25Voor de ongehuwden heb ik geen gebod van de Heer, maar ik geef mijn mening, die door de ontferming van de Heer betrouwbaar is. 26Ik houd dit voor het beste. In onze zware tijden is het voor een mens het beste zo te leven: 27bent u aan een vrouw gebonden, zoek dan geen scheiding; bent u niet aan een vrouw gebonden, zoek dan geen vrouw. 28Maar als u wel trouwt, zondigt u niet, en ook het meisje dat trouwt, doet geen zonde. Alleen halen zulke mensen zich beslommeringen op de hals, en dat zou ik u willen besparen.
29Ik bedoel dit, broeders en zusters: de tijd is kort. Laten daarom zij die een vrouw hebben, doen alsof zij er geen hadden; 30zij die huilen, alsof zij niet huilden; zij die zich verheugen, alsof zij niet verheugd waren; zij die kopen, alsof zij geen eigenaar werden. 31Zij die met het aardse omgaan, moeten er niet in opgaan, want de wereld die wij zien, gaat voorbij. 32Ik zou willen dat u zonder zorgen was. Wie niet getrouwd is, heeft zorg voor de zaak van de Heer en wil de Heer behagen. 33Maar de getrouwde heeft zorg voor aardse zaken en wil zijn vrouw behagen; 34zijn aandacht is verdeeld. Een ongetrouwde vrouw en een ongetrouwd meisje dragen zorg voor de zaak van de Heer; zij willen heilig zijn naar lichaam en geest. De getrouwde vrouw wijdt haar zorgen aan aardse dingen en wil haar man behagen. 35Dit alles zeg ik voor uw eigen bestwil, niet om uw vrijheid aan banden te leggen; het gaat mij alleen om de eerbaarheid en een onverdeelde toewijding aan de Heer.

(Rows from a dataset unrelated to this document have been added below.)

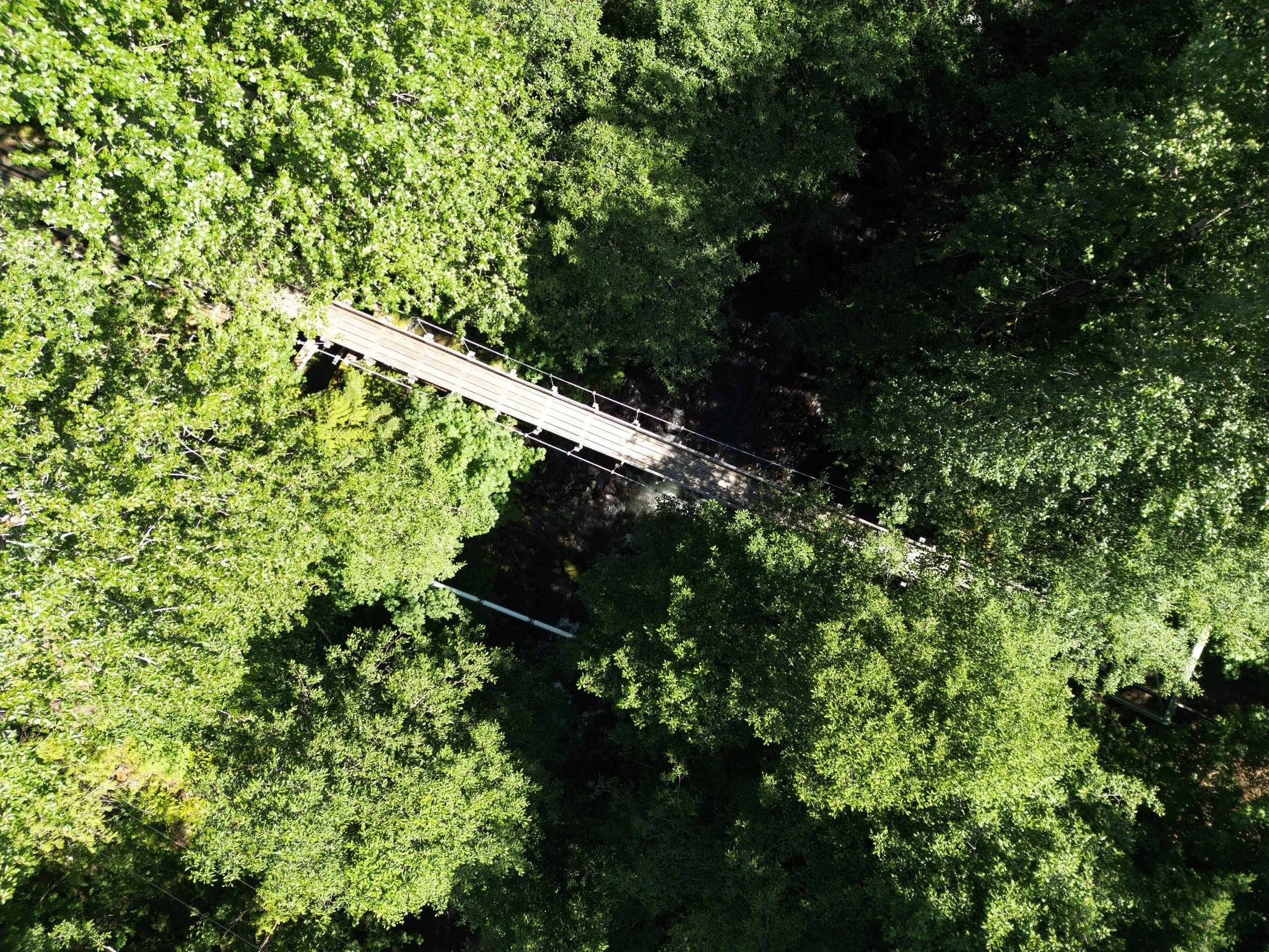 Overhead view of dense green forest with a wooden bridge crossing through the trees.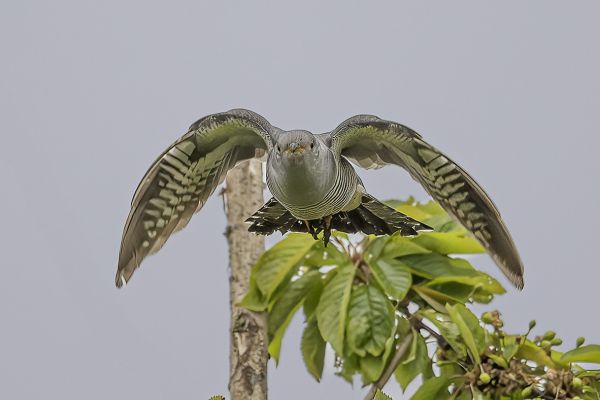 Common cuckoo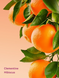 Спрей clementine hibiscus hair & body mist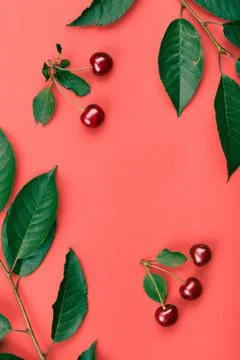 Leaves, berries of cherry tree on red background Stock Photos
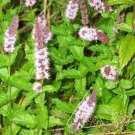 seeds spearmint 150 fresh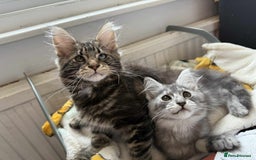 Maine Coon cats for sale: Maine coon - Image 8
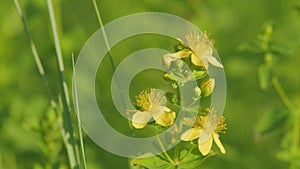 Flowers of saint johns wort, hypericum perforatum. Medical plant. Saint-john s-wort. photo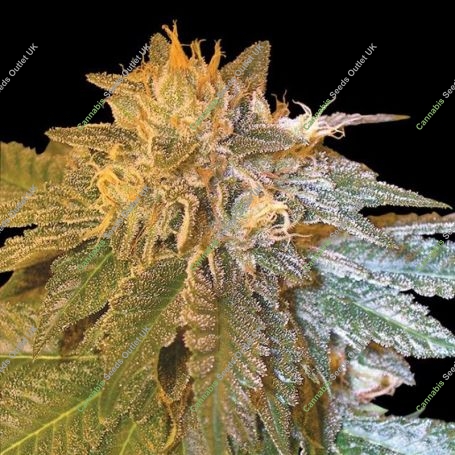 LA Confidential Feminized Marijuana Strain by DNA Genetics For Sale Online at Cannabis Seeds Outlet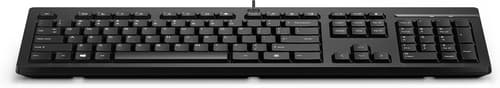 HP 125 - Keyboard - USB - Netherlands - for HP 34, Laptop 15, Pro Mobile Thin Client mt440 G3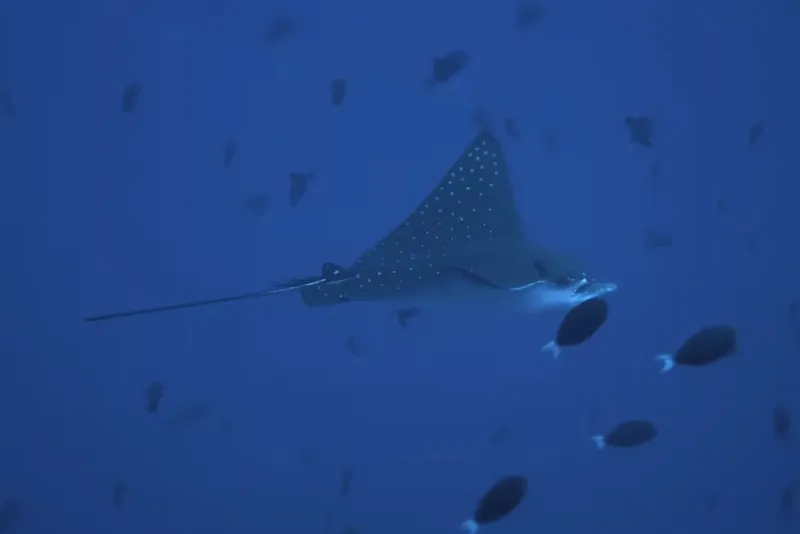 Raie manta nageant dans l'eau bleue entourée de petits poissons
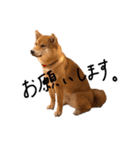 柴犬・幸 Sachi 2（個別スタンプ：11）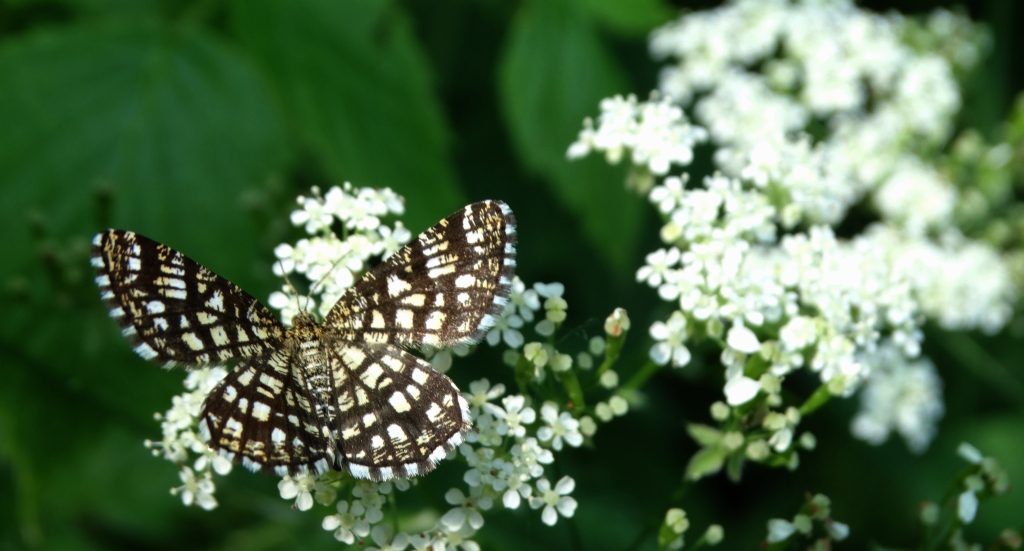 Witalnik naostrzak (Chiasmia clathrata)
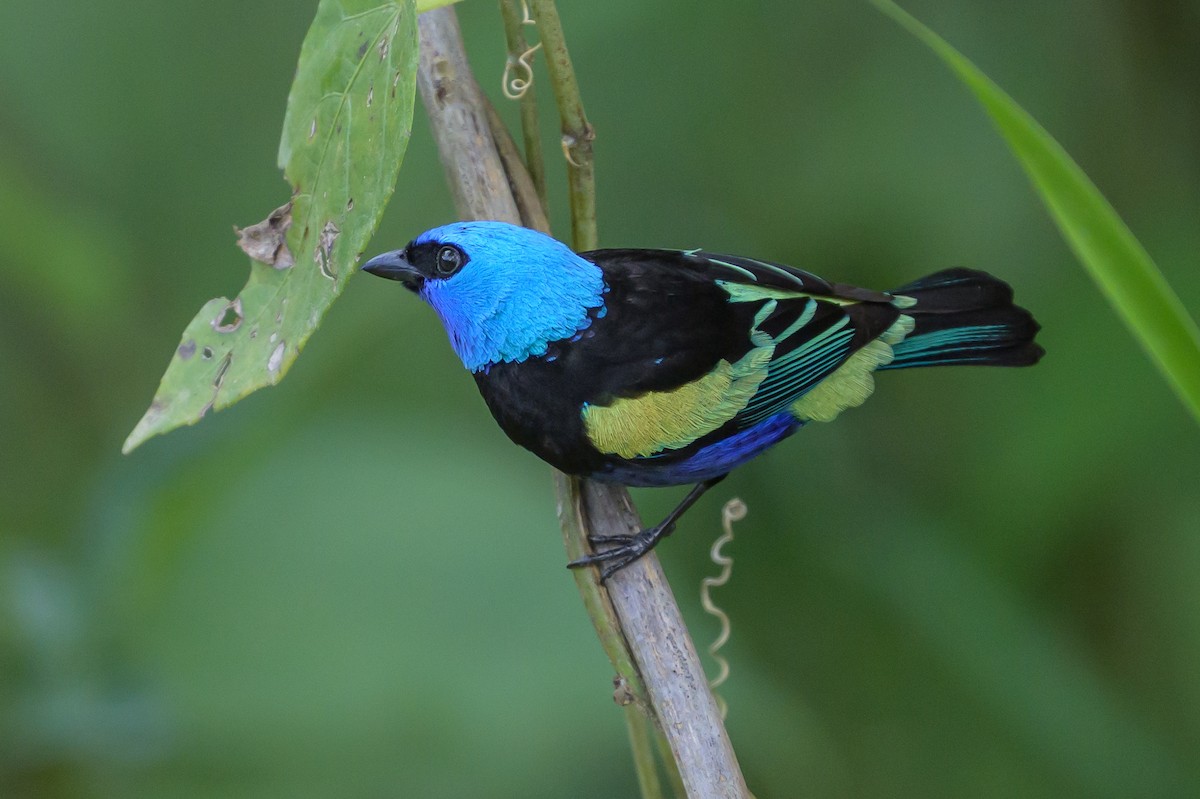 Blue-necked Tanager - ML646799326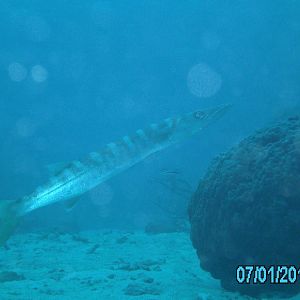 Australia_Underwater_2012_093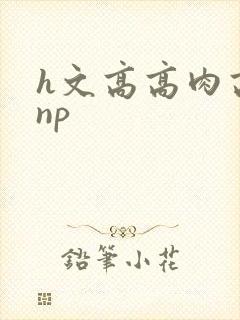 h文高高肉高辣np封面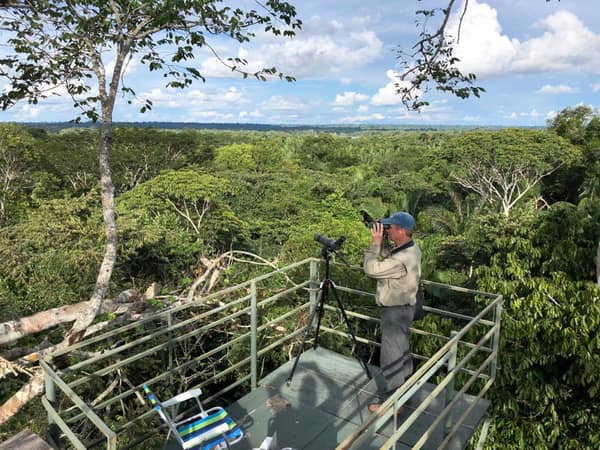 SouthWild Amazon Lodge, Canopy plataform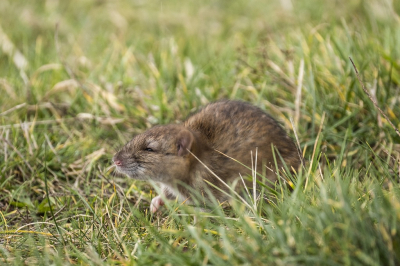 <i class='fa fa-user'></i>&nbsp;Hilda&nbsp;|  Bruine Rat&nbsp; <i class='fa fa-eye'>&nbsp;115</i> &nbsp; <i class='fa fa-comment-o'>&nbsp;3</i>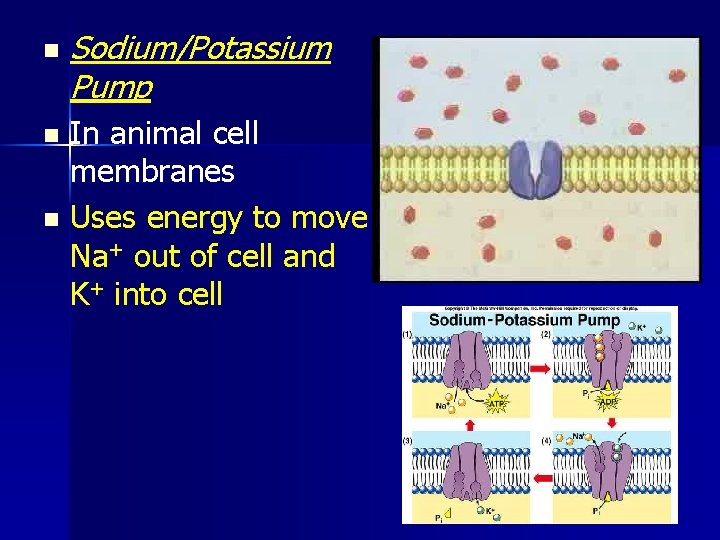 n Sodium/Potassium Pump In animal cell membranes n Uses energy to move Na+ out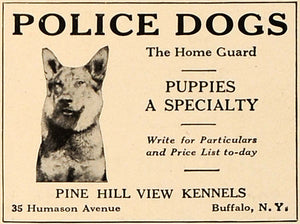 1919 Ad Police Dogs Pine Hill View Kennels Humason Ave - ORIGINAL CL4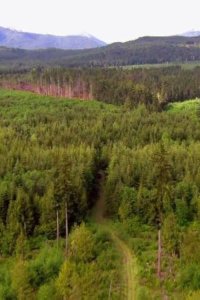 Ax Men – S05E09 – Rygaard vs. Rygaard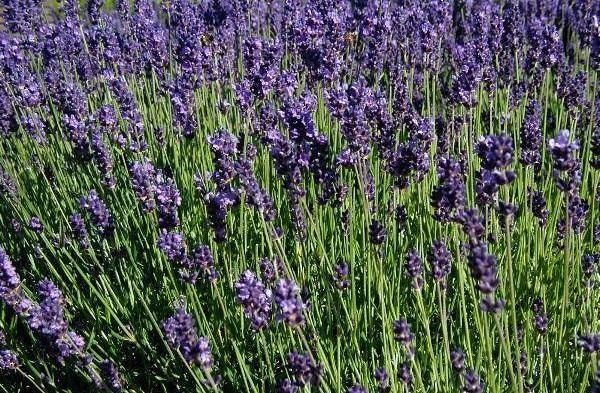 Spiga di lavanda — photo 2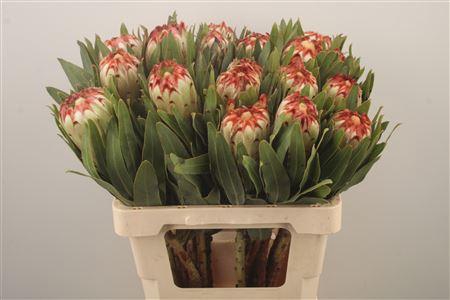<h4>Protea Esmee</h4>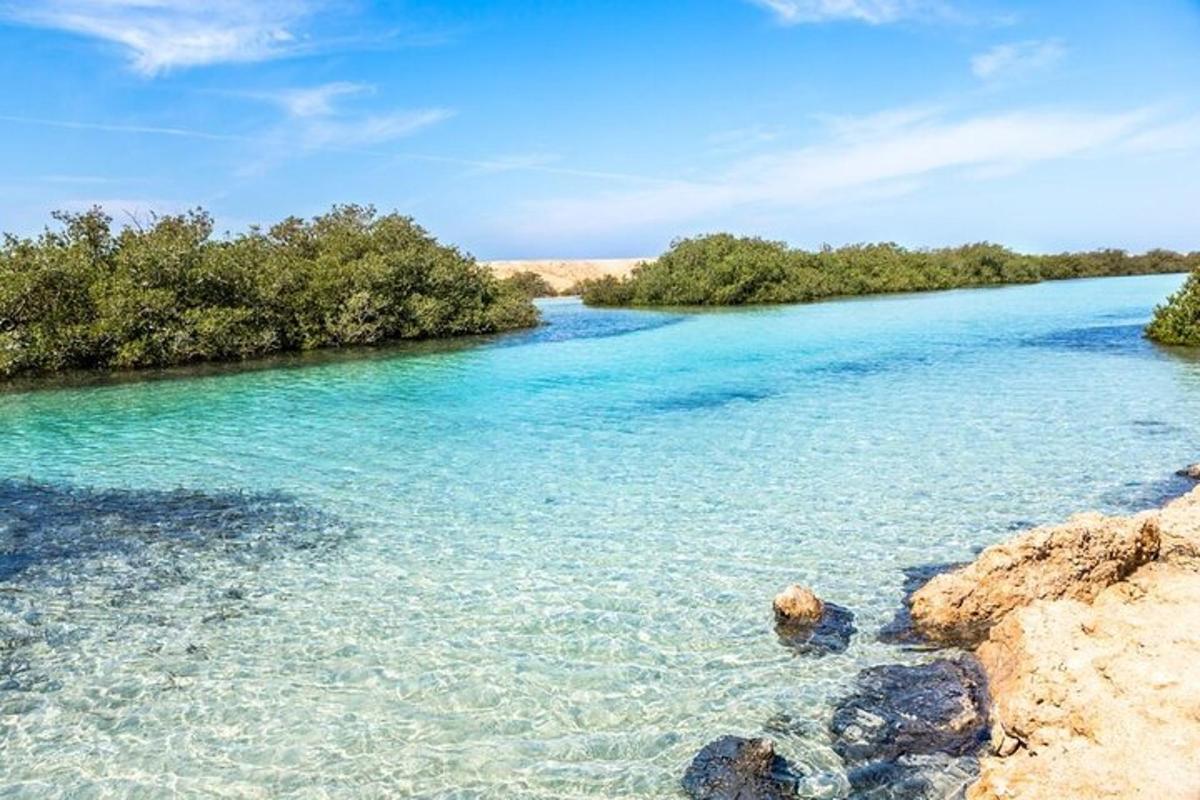 un fiume con acqua blu e alberi sullo sfondo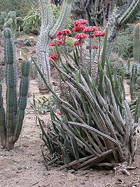 overview of mature plant in the Desert Garden, view 2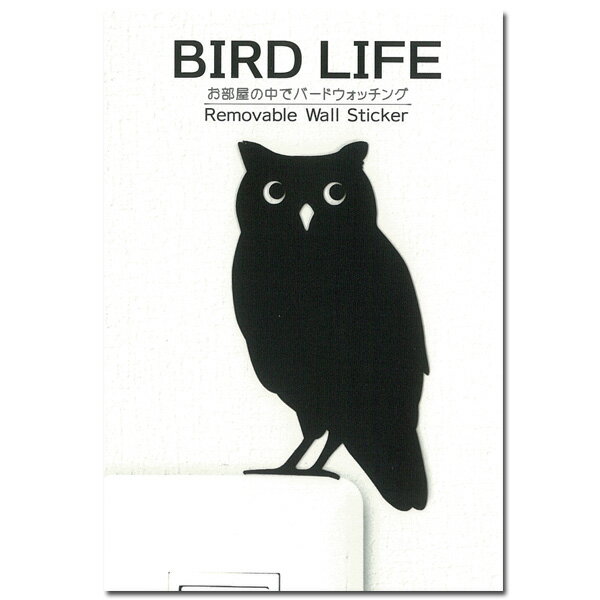 ふくろう ウォールステッカー【BIRD LIFE　コノハズク】壁 シール コンパニオンバード 鳥 小鳥 動物 アニマル 野鳥 グッズ インテリア コンセント スイッチWall Story その1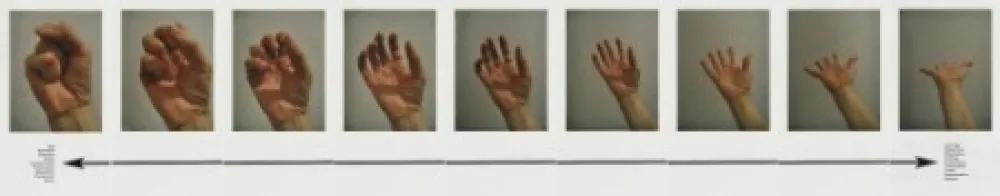 Múltiplo Piper - Mokshamudra Progression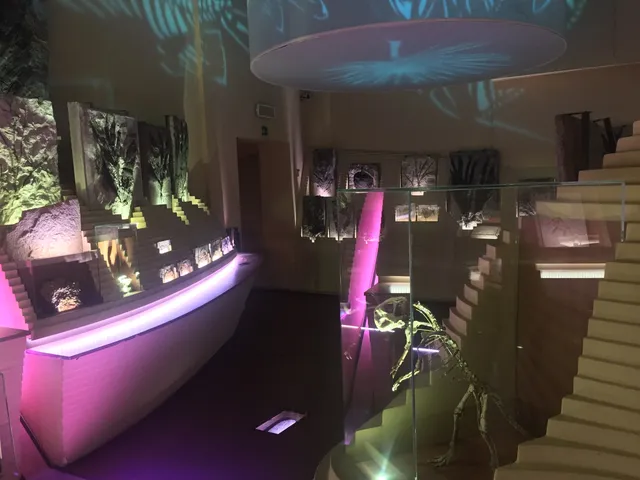 Museo de la historia natural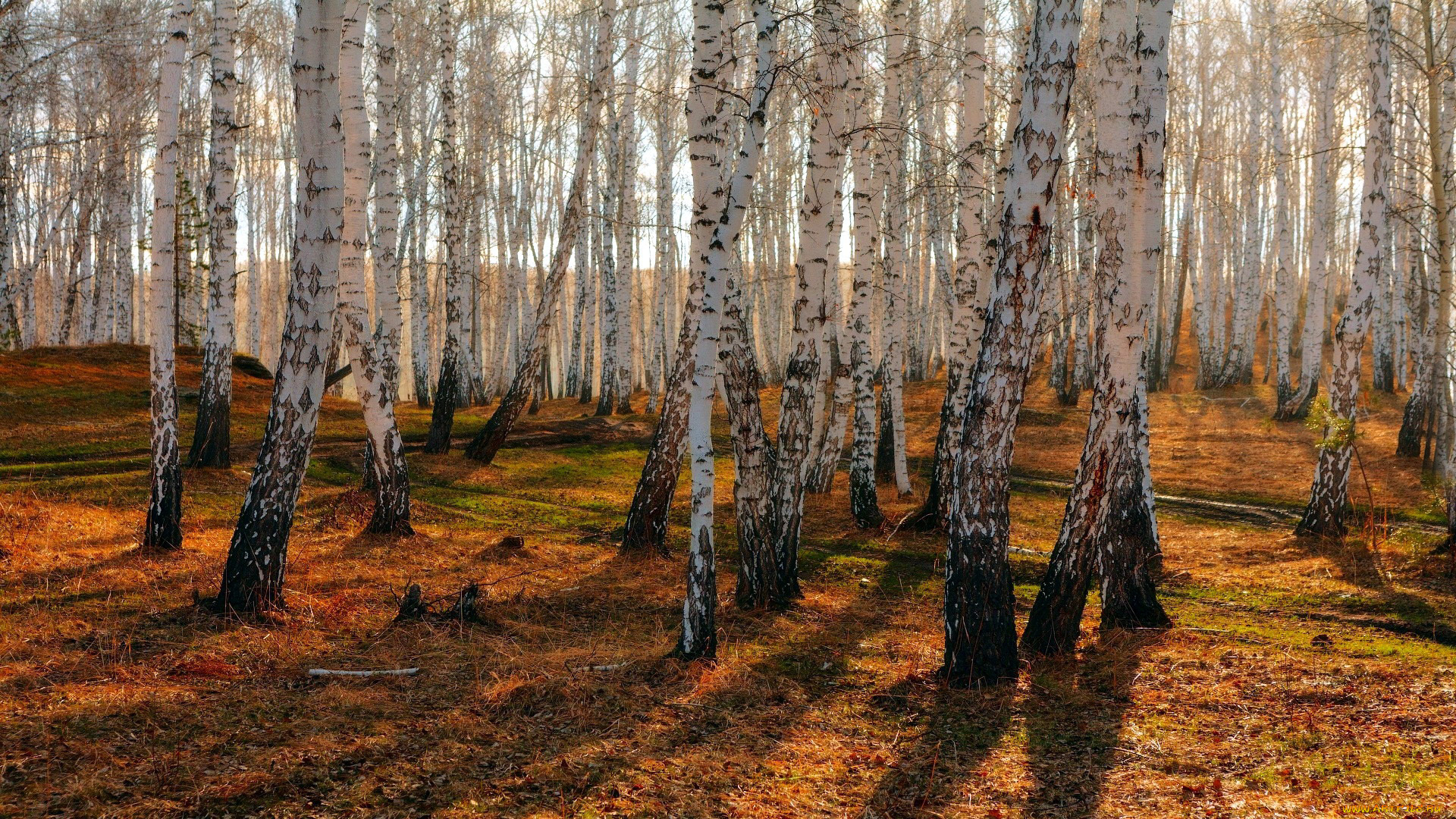 природа, лес, роща, берёзовая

36Als iemand meent dat hij zich onbetamelijk jegens zijn meisje gedraagt, omdat zijn verlangen te heftig wordt en de dingen hun loop moeten hebben, laat hem dan doen wat hij wil: laten zij trouwen, daar steekt geen kwaad in. 37Maar als hij het voor zichzelf zeker weet en, vrij van dwang, meester is van zijn eigen keus, en als hij voor zichzelf besloten heeft haar maagdelijkheid te respecteren, dan handelt hij uitstekend. 38Met andere woorden: wie met zijn meisje trouwt doet goed, wie haar niet trouwt doet beter.
39Een vrouw is aan haar man gebonden zolang hij leeft. Is haar man ontslapen, dan is zij vrij om te trouwen met wie zij wil, maar alleen met een christen. 40Toch is zij gelukkiger als zij ongehuwd blijft; althans zo denk ik erover, en ook ik bezit de Geest van God, vind ik.